Back when my children were young, sometimes at the bakery counter we'd buy a birthday cake for no real occasion.  We'd have it dedicated to the birthday of no one in particular that we knew.  It was just a fun treat that we'd enjoy later at home.  This random purchase provided a boost in mood and excitement for everyone.  Who doesn't love birthday cake?   Looking back, there are many fond memories associated with the food we've shared with family and friends.  If you are someone who enjoys food traditions and collecting recipes from loved ones, then this is a book you will enjoy.

Perusing the pages of Butter Baked Goods by Ms. Rosie Daykin evokes that kind of nostalgic memory.  As a successful business woman, working at the time as an interior designer in Vancouver, she saw a need in her community and decided to follow her life-long dream of owning a bakery.  She found just the right location and her shop, Butter Baked Goods, opened in 2007.

Her vision for her new venture was a place to create special treats and cakes that she had enjoyed in her childhood.  The recipes she includes in her book are some of the homespun favorites she sells in her shop.  Many of the baked goods featured are ones I have made over the years for family and friends and no doubt you will recognize them as favorites from your past as well. Some of them have a fun, new twist.

Ms. Daykin starts the book with suggestions for a well-stocked pantry and fridge. Things you want to have on hand when the baking urge strikes.  She then moves into the "Tools of the Trade".  I was surprised to see two wooden yard sticks included with some of the tools but after reading on, I think her idea for using them is not only practical but brilliant.  The answer to this culinary cliffhanger is on page 15.  She also has a list of equipment she can't live without and gives hints for working with eggs, creaming butter and sugar, as well as other pastry chef techniques.
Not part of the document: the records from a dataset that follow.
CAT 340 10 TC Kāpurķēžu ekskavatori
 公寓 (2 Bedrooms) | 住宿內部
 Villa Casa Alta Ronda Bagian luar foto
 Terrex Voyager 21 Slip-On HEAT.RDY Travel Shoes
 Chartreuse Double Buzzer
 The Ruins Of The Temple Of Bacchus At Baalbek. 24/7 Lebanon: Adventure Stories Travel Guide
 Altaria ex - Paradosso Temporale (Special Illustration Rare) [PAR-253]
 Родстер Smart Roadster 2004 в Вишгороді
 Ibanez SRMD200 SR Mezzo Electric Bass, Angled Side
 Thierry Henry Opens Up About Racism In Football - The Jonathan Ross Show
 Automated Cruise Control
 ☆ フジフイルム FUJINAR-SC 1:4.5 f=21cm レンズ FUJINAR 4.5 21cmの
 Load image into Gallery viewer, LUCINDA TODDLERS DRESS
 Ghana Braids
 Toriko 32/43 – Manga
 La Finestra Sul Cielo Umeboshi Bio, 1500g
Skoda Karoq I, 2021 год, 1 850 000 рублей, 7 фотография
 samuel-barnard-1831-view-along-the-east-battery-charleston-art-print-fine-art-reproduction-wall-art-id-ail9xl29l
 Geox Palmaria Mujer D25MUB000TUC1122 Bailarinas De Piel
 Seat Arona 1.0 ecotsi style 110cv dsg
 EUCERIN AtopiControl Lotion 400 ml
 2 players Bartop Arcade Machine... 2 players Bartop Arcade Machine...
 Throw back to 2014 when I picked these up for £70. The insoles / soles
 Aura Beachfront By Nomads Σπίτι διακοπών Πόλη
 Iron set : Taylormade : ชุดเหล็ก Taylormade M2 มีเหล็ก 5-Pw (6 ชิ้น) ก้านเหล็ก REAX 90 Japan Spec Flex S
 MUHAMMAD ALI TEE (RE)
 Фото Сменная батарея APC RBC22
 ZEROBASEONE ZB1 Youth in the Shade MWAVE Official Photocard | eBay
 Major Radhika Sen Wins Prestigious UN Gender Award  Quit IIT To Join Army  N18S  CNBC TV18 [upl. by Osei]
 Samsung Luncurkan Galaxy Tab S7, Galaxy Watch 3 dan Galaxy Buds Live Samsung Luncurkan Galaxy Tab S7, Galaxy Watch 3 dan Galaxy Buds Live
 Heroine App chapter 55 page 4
Now the recipes.  The chapters are laid out to be able to create: muffins and scones, drop sandwich, as well as rolled cookies and bars, cakes and frostings, pastry, pies and tarts and other confections. Her marshmallows have been such a success she has a separate operation just to make them.  With the success of her first bakery, she has opened a second and also sells her tasty treats to other high end grocery stores and shops.

Since I won't be able to take a trip to Canada to sample her wares anytime soon, I am content to have the opportunity to bake from the book.  I love that she has taken the time to share her recipes. It's always so refreshing to see confident bakers willing to share their recipes so unselfishly like Ms. Rosie had done.  I can attest that the Peanut Butter Sandwich Cookies and the Homemade You Know Whats were a huge hit with co-workers.  It was also great to have something turn out as photographed when working from a new cookbook.  I have even made the peanut butter cookies in a gluten-free version, substituting Cup 4 Cup gluten-free flour for the same amount of the all-purpose flour required in the original recipe.  It was a real treat to have something tasty to offer my gluten-intolerant child to be able to enjoy without feeling like the cookie was lacking something.  They were delicious and you would not have been able to tell they were gluten-free unless you were told.

If you are looking to find other books that have that same nostalgic flair for baked goods, you might try either of the cookbooks by Savanah, Georgia pastry chefs, Cheryl and Griffith Day.  They are: Back in the Day Bakery Cookbook and  Back in the Day Bakery, Made With Love.  You won't be disappointed!